So I add an exception in the netcdf4 URL guessing that if zarr is present anywhere in the URL it passes on it. This might have a consequence for anyone using netcdf4 for reading zarr. But I think the tradeoff of those users being forced to use engine="netcdf4" vs the convenience for people who want the zarr backend is a worthwhile one.
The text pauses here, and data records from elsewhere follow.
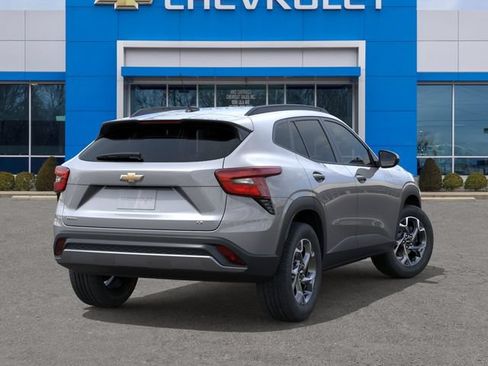 New 2026 Chevrolet Trax LT FWD image 4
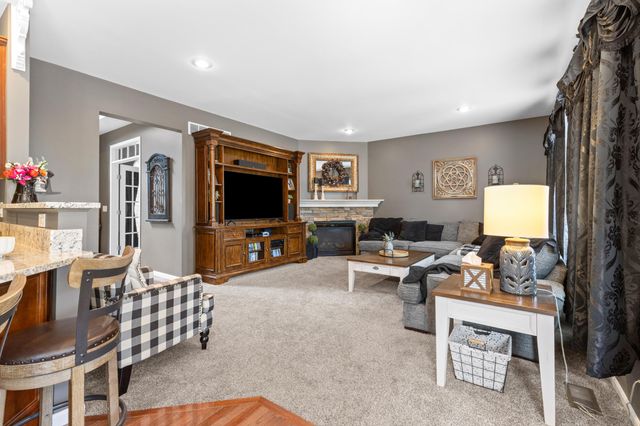 885 Sandstone Ridge, Newport, KY 41076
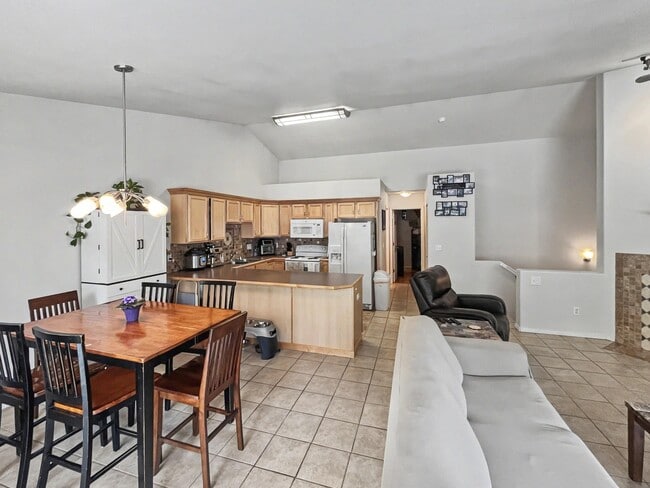 Building Photo - 5702 Sapphire Loop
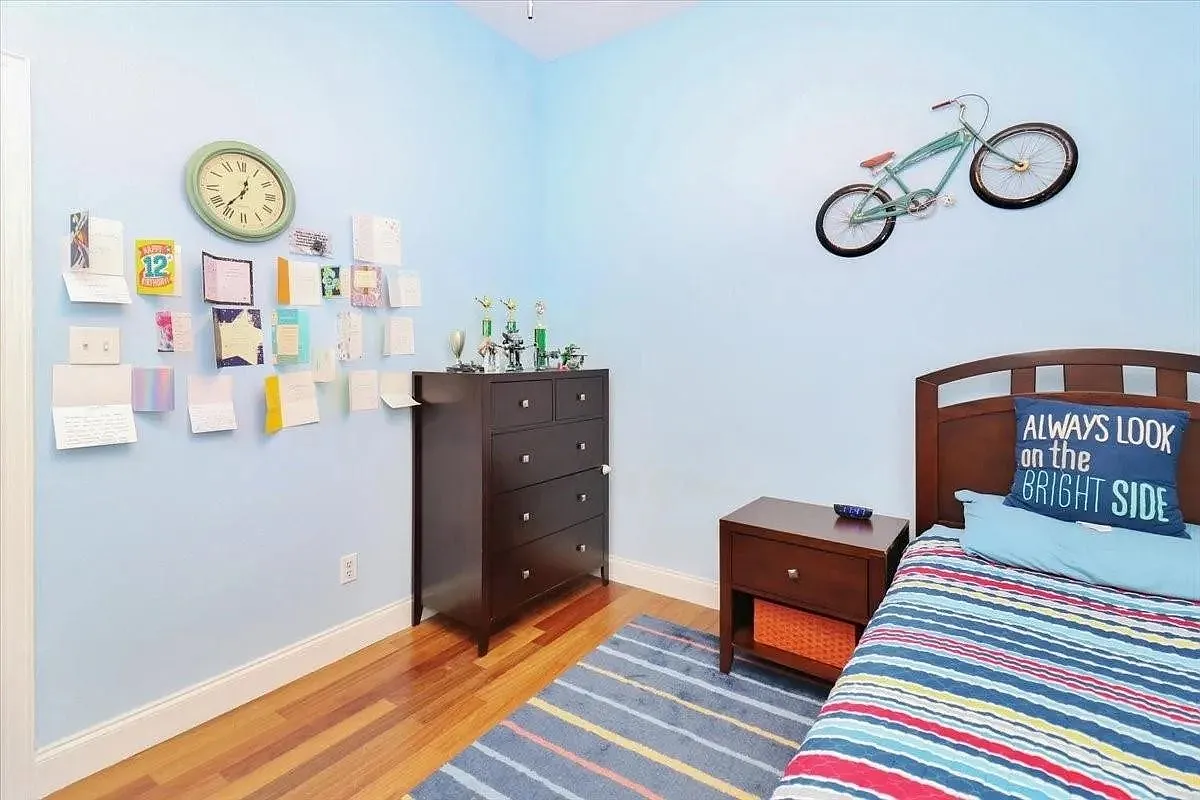 4 bed, 1984 sqft, $2,600 — Photo 3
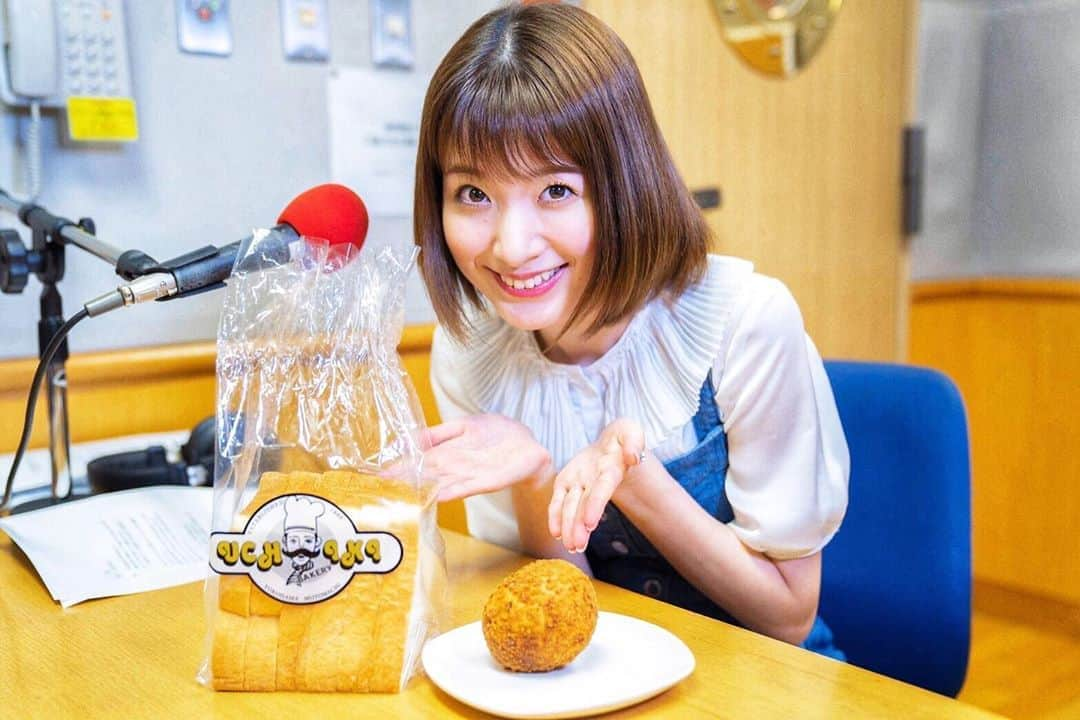 杉枝真結さんのインスタグラム写真 - (杉枝真結Instagram)「☺︎ 毎週日曜日！ 本日もあります✨✨✨ - 11:48〜 「ネッツトヨタ神奈川 presents ドライビンググルメ」 - お住まいの地域では 聴けなくて…という方も🤝 Facebookページには 写真付きで情報盛り沢山なので よかったら覗いてみて下さい😊 - お住まいの地域で聴ける方は ぜひ聴いて下さい💛💛💛💛💛 #radikopremium では 全国どこからでも お聴きいただけますよー！ - #fmyokhama #エフヨコ #radiko #ラジオ」6月7日 11時48分 - mayusugieda_official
3. Future proof the guess_can_open

zarr will not be the last format that gets invented. And people will continue to write custom xarray backends. This means that the zarr exception in the netcdf4 guess_can_open in this PR will be inadequate to protect custom backends or for new formats that want to be accessed by remote access. So we can't just continue to add exceptions to the netcdf4 URL guessing. To future proof here I have:

  1. significantly expanding what is detected as a dap url by netcdf4
    • DAP protocol schemes: dap://, dap2://, dap4://
    • Server-specific paths: /dodsC/ (THREDDS), /dods/ (GrADS), /opendap/ (Hyrax), /erddap/ (ERDDAP)
    • This centralized logic is shared between netcdf4 and pydap backends
  2. Added deprecation warning - If all specific URL checks fail and netcdf4 falls back to claiming a URL, it now emits a
    FutureWarning explaining what users should do
  3. Added DAP URL sanitization - The netcdf4 backend now converts dap2:// and dap4:// schemes to https:// (following pydap's convention) since the underlying netCDF4 library doesn't understand these custom schemes

attn: @ocefpaf @dopplershift @Mikejmnez

  • Closes #xxxx
  • Tests added
  • User visible changes (including notable bug fixes) are documented in whats-new.rst
  • New functions/methods are listed in api.rst

emit_user_level_warning(
f"The NetCDF4 backend is guessing that {filename_or_obj!r} is a NetCDF file. "
"In the future, xarray will require remote URLs to either have a .nc, .nc4, or .cdf "
"extension, use a DAP protocol (dap2://, dap4://, or /dap/ in the path), or specify "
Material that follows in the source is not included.